Goal of the exercise — Give back the full data character for character.

Dataset records —

......

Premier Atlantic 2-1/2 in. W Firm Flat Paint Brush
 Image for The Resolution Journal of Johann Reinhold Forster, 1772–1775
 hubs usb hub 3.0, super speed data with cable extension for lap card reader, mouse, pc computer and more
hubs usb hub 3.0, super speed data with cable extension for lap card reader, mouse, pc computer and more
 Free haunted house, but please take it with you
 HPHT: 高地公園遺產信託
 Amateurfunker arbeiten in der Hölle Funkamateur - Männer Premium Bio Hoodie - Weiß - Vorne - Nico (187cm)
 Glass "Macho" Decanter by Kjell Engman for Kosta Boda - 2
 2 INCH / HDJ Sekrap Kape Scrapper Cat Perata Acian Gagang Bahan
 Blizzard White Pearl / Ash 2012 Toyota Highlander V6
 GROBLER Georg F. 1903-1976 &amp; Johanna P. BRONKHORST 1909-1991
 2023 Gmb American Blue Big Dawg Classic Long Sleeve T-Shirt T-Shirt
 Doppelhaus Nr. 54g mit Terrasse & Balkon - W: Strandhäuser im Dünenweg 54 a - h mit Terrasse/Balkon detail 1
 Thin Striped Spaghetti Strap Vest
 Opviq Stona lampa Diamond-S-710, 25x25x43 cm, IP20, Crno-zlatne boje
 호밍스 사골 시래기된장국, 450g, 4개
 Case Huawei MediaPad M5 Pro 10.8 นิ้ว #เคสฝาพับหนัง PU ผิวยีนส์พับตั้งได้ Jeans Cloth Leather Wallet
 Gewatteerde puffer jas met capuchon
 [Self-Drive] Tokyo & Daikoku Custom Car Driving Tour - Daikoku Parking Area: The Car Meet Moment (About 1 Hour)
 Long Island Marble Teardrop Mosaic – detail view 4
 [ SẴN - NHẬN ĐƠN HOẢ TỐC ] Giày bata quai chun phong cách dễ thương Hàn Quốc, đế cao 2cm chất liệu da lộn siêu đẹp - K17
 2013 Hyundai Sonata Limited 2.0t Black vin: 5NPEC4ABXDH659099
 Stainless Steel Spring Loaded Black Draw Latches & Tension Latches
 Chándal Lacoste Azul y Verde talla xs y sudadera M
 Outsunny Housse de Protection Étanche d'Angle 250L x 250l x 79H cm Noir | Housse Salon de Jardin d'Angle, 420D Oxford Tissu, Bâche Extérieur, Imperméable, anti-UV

......

Completed task —
Premier Atlantic 2-1/2 in. W Firm Flat Paint Brush
 Image for The Resolution Journal of Johann Reinhold Forster, 1772–1775
 hubs usb hub 3.0, super speed data with cable extension for lap card reader, mouse, pc computer and more
hubs usb hub 3.0, super speed data with cable extension for lap card reader, mouse, pc computer and more
 Free haunted house, but please take it with you
 HPHT: 高地公園遺產信託
 Amateurfunker arbeiten in der Hölle Funkamateur - Männer Premium Bio Hoodie - Weiß - Vorne - Nico (187cm)
 Glass "Macho" Decanter by Kjell Engman for Kosta Boda - 2
 2 INCH / HDJ Sekrap Kape Scrapper Cat Perata Acian Gagang Bahan
 Blizzard White Pearl / Ash 2012 Toyota Highlander V6
 GROBLER Georg F. 1903-1976 &amp; Johanna P. BRONKHORST 1909-1991
 2023 Gmb American Blue Big Dawg Classic Long Sleeve T-Shirt T-Shirt
 Doppelhaus Nr. 54g mit Terrasse & Balkon - W: Strandhäuser im Dünenweg 54 a - h mit Terrasse/Balkon detail 1
 Thin Striped Spaghetti Strap Vest
 Opviq Stona lampa Diamond-S-710, 25x25x43 cm, IP20, Crno-zlatne boje
 호밍스 사골 시래기된장국, 450g, 4개
 Case Huawei MediaPad M5 Pro 10.8 นิ้ว #เคสฝาพับหนัง PU ผิวยีนส์พับตั้งได้ Jeans Cloth Leather Wallet
 Gewatteerde puffer jas met capuchon
 [Self-Drive] Tokyo & Daikoku Custom Car Driving Tour - Daikoku Parking Area: The Car Meet Moment (About 1 Hour)
 Long Island Marble Teardrop Mosaic – detail view 4
 [ SẴN - NHẬN ĐƠN HOẢ TỐC ] Giày bata quai chun phong cách dễ thương Hàn Quốc, đế cao 2cm chất liệu da lộn siêu đẹp - K17
 2013 Hyundai Sonata Limited 2.0t Black vin: 5NPEC4ABXDH659099
 Stainless Steel Spring Loaded Black Draw Latches & Tension Latches
 Chándal Lacoste Azul y Verde talla xs y sudadera M
 Outsunny Housse de Protection Étanche d'Angle 250L x 250l x 79H cm Noir | Housse Salon de Jardin d'Angle, 420D Oxford Tissu, Bâche Extérieur, Imperméable, anti-UV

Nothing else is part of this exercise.